Некоторые мужчины вздыхали о похищении своих жён, большинство-же о том, что никто не хотел их похитить у них.
Женщины свободно могут заключать дружбу с мужчиной; но чтобы сохранить её, для этого потребна небольшая доля физической антипатии.
Если бы супруги не жили вместе, хорошие браки встречались бы чаще.
Убеждения есть более опасные враги истины, чем ложь.
Гораздо чаще кажется сильным характером человек, следующий всегда своему темпераменту, чем своим принципам.
Многие упорны в отношении единожды избранного пути, немногие — в отношении цели.

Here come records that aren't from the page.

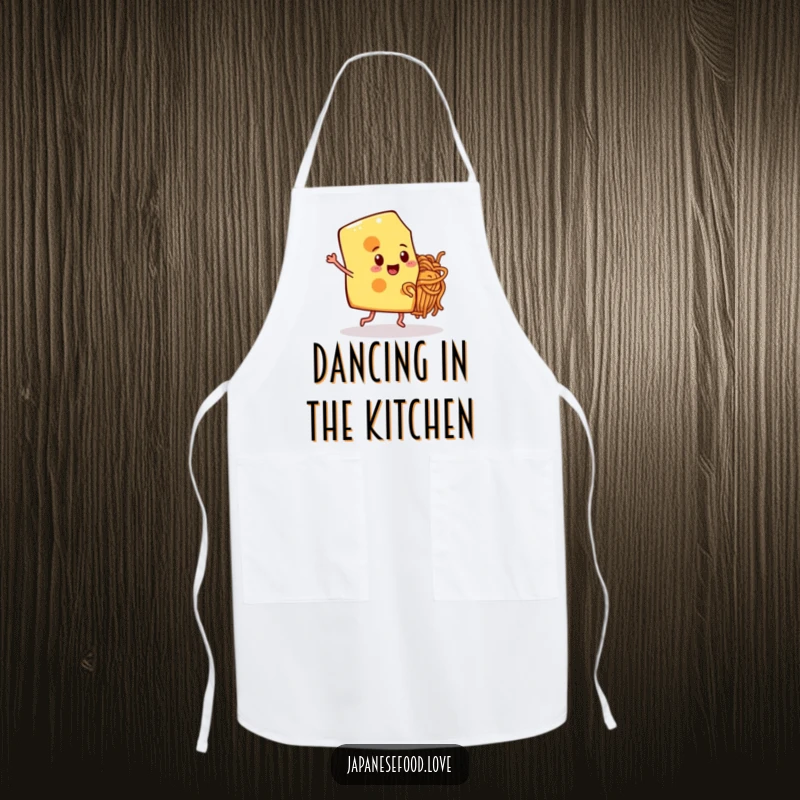 Funny apron design with a dancing cheese slice and noodle friend, perfect for culinary fun and protection.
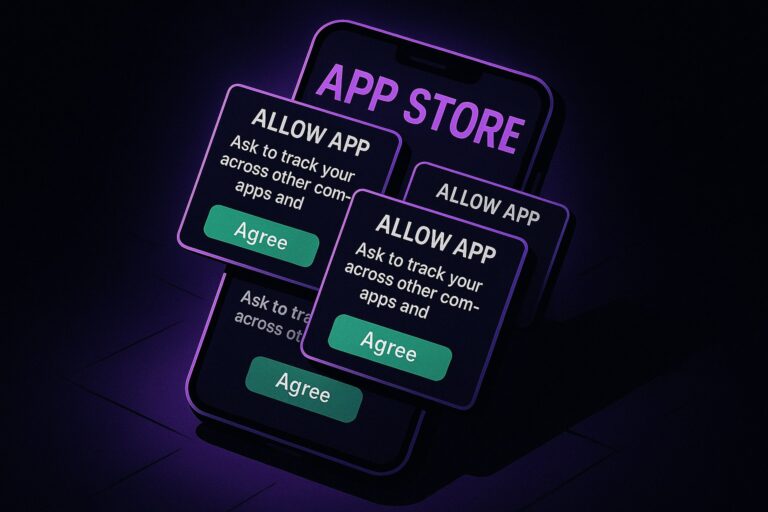 Ilustracja przedstawiająca smartfon z wieloma oknami zgody na śledzenie.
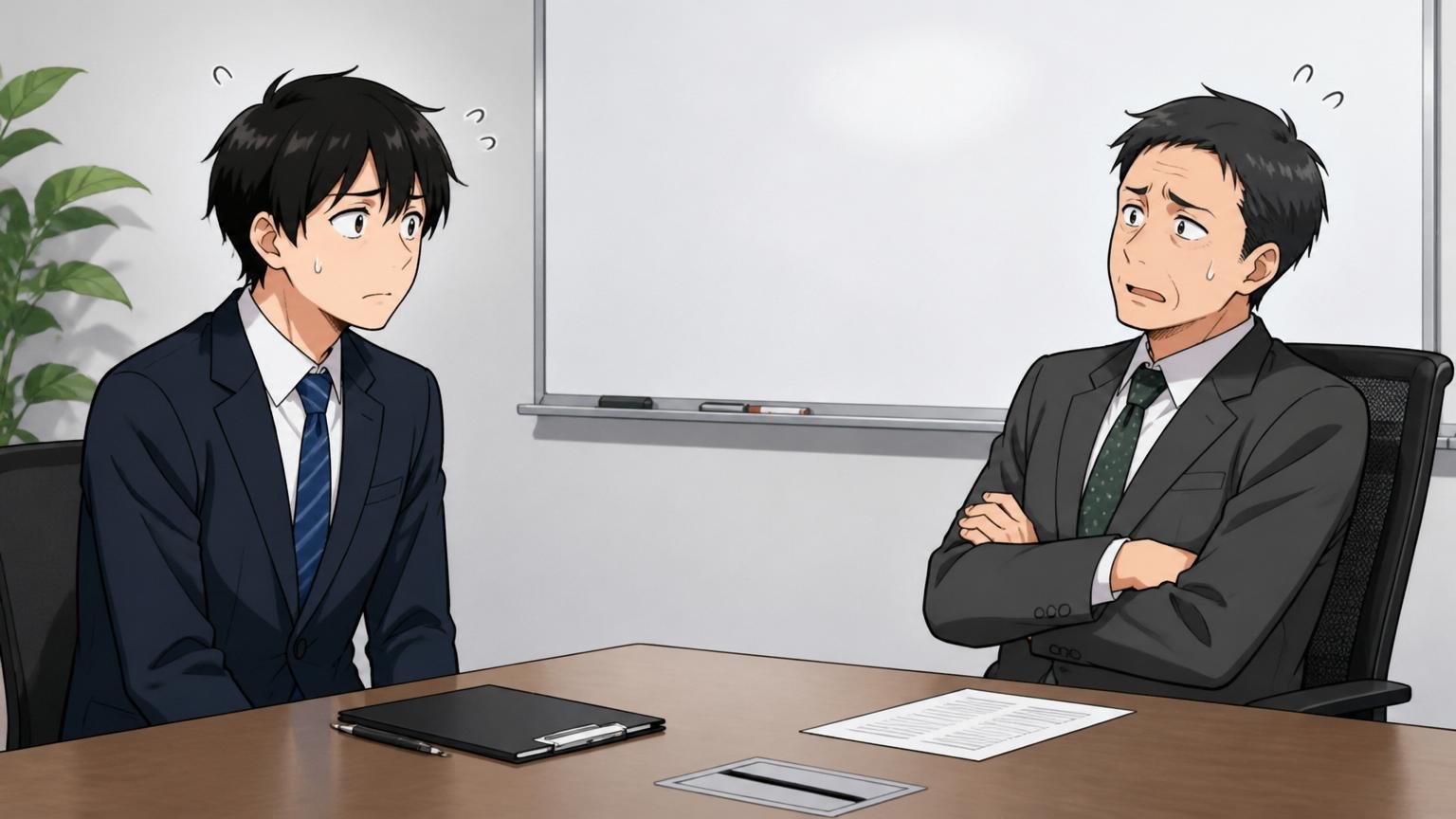 会話のテンポが噛み合わず気まずい空気の面接、企業の会議室で面接、2人、ぎこちない表情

Сорадость, а не сострадание создает друга.
Говорят об «удовольствии от самого дела»; но в действительности это есть удовольствие от самого себя с помощью дела.
Кто живет борьбою с врагом, тот заинтересован в том, чтобы враг сохранил жизнь.
Всё необъяснимое и тёмное кажется важнее объяснённого и светлого.
Талант иного человека кажется меньшим, чем он есть, потому, что он ставит себе всегда слишком большие задачи.
Кто плохо видит, видит всегда меньше других, кто плохо слышит — слышит всегда кое-что лишнее.
Человек более чувствителен к презрению со стороны других людей, чем к презрению со стороны самого себя.
Человек забывает свою вину, когда исповедуется в ней другому, но этот последний обыкновенно не забывает её.
Пламя не так светит самому себе, как другим, кому оно светит; точно так же и мудрец.
Первое мнение, которое приходит к нам в голову, когда внезапно предложат вопрос о чём-либо, есть обыкновенно не наше собственное мнение, а лишь ходячее мнение, принадлежащее нашей касте, положению, происхождению; собственные мнения редко плавают на поверхности.